En outre, en se réappropriant l’imagerie sacrée traditionnelle russe qu’elle mêle à un symbolisme païen, Goncharova suscite un débat. D’autant plus que la peinture d’icônes est exclusivement réservée aux hommes. Les autorités russes ont donc censuré à plusieurs reprises l’exposition de ses peintures religieuses, comme « Les Évangélistes ».
Visionnaire : une pionnière de l’abstraction à l’oeuvre protéiforme
Entre 1912-1913, ses peintures reflètent l’influence du cubisme mais aussi du futurisme, mouvement né en Italie d’artistes en rupture avec le passé célébrant la modernité. Elle invente avec Larionov le rayonisme, une approche abstraite de la peinture au travers de laquelle les formes sont capturées par des « rayons ».
De plus, la démarche artistique de Goncharova témoigne de son inventivité et de ses innombrables ressources. Son travail combine des techniques et des styles variés : la peinture, la lithographie, le stylisme, la conception théâtrale, la décoration intérieure, les illustrations de livres et la performance. Elle choisit des sujets aussi variés que les natures mortes, les nus, le monde rural, et se risque à peindre des scènes religieuses et des représentations de l’Apocalypse.
Parisienne d’adoption
Avec son compagnon Larionov, Goncharova quitte la Russie en juin 1915 pour se produire avec les Ballets Russes de Diaghliev en Europe. En effet, le couple a travaillé l’année précédente sur les costumes et les décors de l’opéra-ballet “Le Coq d’Or”. Cependant, la Révolution d’Octobre éclate en Russie en 1917 et la Grande Guerre se prolonge. Goncharova s’installe alors à Paris, dans un appartement qu’elle ne quittera plus jusqu’à la fin de ses jours. À Paris, elle continue de dessiner des costumes pour des ballets et des tenues de mode.

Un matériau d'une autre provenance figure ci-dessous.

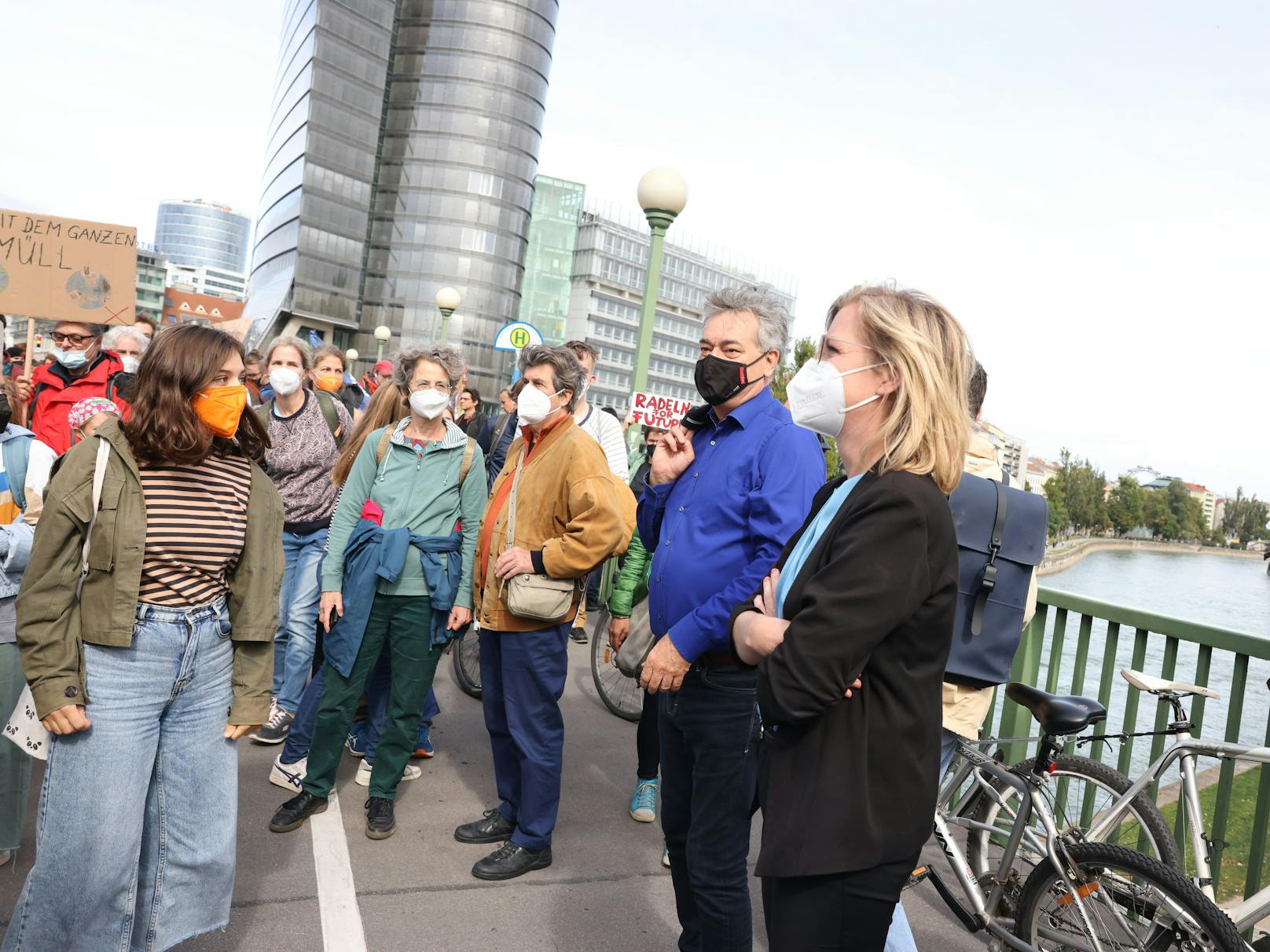 Auch Klimaschutzministerin Leonore Gewessler und Vizekanzler Werner Kogler kamen zur Demo.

De plus, elle conçoit des décors pour des intérieurs, réalise des illustrations de livres et des affiches. Une grande partie de son travail est consacrée au théâtre, que présente la dernière partie de la rétrospective au Tate Modern. Natalia Goncharova décède à Paris en 1962, à l’âge de 81 ans, bien après que sa Russie natale ait disparu avec l’avènement du communisme.
Pour voir la rétrospective de l’oeuvre de Natalia Goncharova, rendez-vous au musée Tate Modern de Londres, jusqu’au 8 septembre 2019.